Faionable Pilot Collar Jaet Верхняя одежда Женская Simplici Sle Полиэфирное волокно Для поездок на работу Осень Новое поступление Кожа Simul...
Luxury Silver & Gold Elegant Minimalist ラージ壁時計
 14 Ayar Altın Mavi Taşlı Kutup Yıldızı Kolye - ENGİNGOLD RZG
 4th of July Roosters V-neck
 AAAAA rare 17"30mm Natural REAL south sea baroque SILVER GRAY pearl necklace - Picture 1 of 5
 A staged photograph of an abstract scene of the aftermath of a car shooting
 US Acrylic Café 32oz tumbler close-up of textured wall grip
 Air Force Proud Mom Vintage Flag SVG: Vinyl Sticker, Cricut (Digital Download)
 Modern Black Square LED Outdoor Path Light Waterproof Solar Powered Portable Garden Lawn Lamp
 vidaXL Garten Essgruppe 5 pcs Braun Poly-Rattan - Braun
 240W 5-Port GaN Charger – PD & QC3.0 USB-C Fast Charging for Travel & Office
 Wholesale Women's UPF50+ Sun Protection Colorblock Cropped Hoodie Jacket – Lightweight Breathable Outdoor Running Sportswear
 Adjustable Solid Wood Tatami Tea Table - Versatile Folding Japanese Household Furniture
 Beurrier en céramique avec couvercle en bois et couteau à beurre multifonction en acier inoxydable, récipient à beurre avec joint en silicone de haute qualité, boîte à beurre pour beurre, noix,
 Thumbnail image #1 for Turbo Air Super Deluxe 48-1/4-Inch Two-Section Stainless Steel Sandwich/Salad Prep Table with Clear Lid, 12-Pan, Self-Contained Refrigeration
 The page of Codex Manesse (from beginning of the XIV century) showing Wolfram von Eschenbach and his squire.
——————————
Transcribe exactly, and only, the lines from the opening line of the records through the line containing "Adjustable Solid Wood".

| WRITTEN SOLUTION |
Faionable Pilot Collar Jaet Верхняя одежда Женская Simplici Sle Полиэфирное волокно Для поездок на работу Осень Новое поступление Кожа Simul...
Luxury Silver & Gold Elegant Minimalist ラージ壁時計
 14 Ayar Altın Mavi Taşlı Kutup Yıldızı Kolye - ENGİNGOLD RZG
 4th of July Roosters V-neck
 AAAAA rare 17"30mm Natural REAL south sea baroque SILVER GRAY pearl necklace - Picture 1 of 5
 A staged photograph of an abstract scene of the aftermath of a car shooting
 US Acrylic Café 32oz tumbler close-up of textured wall grip
 Air Force Proud Mom Vintage Flag SVG: Vinyl Sticker, Cricut (Digital Download)
 Modern Black Square LED Outdoor Path Light Waterproof Solar Powered Portable Garden Lawn Lamp
 vidaXL Garten Essgruppe 5 pcs Braun Poly-Rattan - Braun
 240W 5-Port GaN Charger – PD & QC3.0 USB-C Fast Charging for Travel & Office
 Wholesale Women's UPF50+ Sun Protection Colorblock Cropped Hoodie Jacket – Lightweight Breathable Outdoor Running Sportswear
 Adjustable Solid Wood Tatami Tea Table - Versatile Folding Japanese Household Furniture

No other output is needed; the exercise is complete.